Hello there
i am looking to find more information on secondary breast cancer that has metastasis into my skin at the mastectomy site. I am struggling to find anyone to chat to that is experiencing the same? Seems very uncommon. Thank you
Hi roxy
It comes as a bit of a shock (understatement) doesn’t it? I can’t help with skin mets on that site. Oddly, that was the area I was advised to keep an eye on - no one mentioned it could crop up in my eyelid!! My skin mets are at the back of my neck, in the hairline and on that last thoracic vertebra (?) that juts out a bit, and then some on my chin. The neck ones are visible, the face ones not, but they don’t show on CT scans because they are too close to the surface. There’s no pain or soreness and they are responding slowly to capecitabine (oral chemo), shrinking a little bit and softening up. My oncologist is satisfied with what’s going on so I can only go by that, being new to all this metastasis palaver! The actual secondary breast cancer itself responded instantly and my blood markers have stayed very low and stable over the past six cycles. Unfortunately, as it’s triple negative, it’s unpredictable but, for now, all is fine.

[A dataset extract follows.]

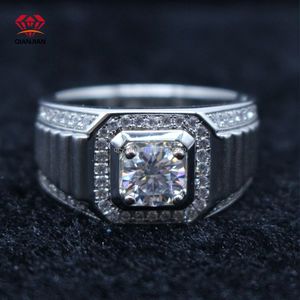 Perhiasan perak asli kustom cincin pernikahan pertunangan pria Moissanite dapat disesuaikan perak murni S925 berlapis Rhodium - Product Image 4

I hope someone with the same condition as yours will respond. It may be that, like me, you can’t find a perfect match. Being ‘unique’ has its disadvantages. Have you rung the nurses’ number above. They may know if there is someone in the Someone Like Me service.
I hope things go smoothly for you.
Jan x
Hi there! I have a local recurrence in my chest wall on top of the implant. So crazy, it was the same area as the original tumour site! I had a lumpectomy, no radiation because the surgeon felt she achieved clear margins. My medical oncologist changed my medications as she felt this was a sign they were no longer effective.
I do have mets to my bones and 1 little lung nodule.
She changed me to Ibrance + Faslodex.
Best wishes to you 
(Also, mammograms of reconstructed mastectomies are really not that pleasant!!)
Rosie
Hi. I ha e just learnt that I have recurrence in or just under the skin. It’s in the same place as my original tumour. I was so shocked! Nothing on ct. nothing obvious on ultrasound. Nothing on mammogram. I thought it was nothing until told it wasn’t. The consultant says a mastectomy will resolve it. Plus some medicines as yet not fully discussed. He said it is rare to see this and I’m still processing. My surgery is next week.
Hello,
I was told today that the cancer is in my skin. I’m still trying to wrap my brain around what that means and how this affects me long term. Does anyone know what I can expect?
Roxy101,
in response to your question about the skin Mets I also have them. If you’re still on this site and would like to talk more let me know.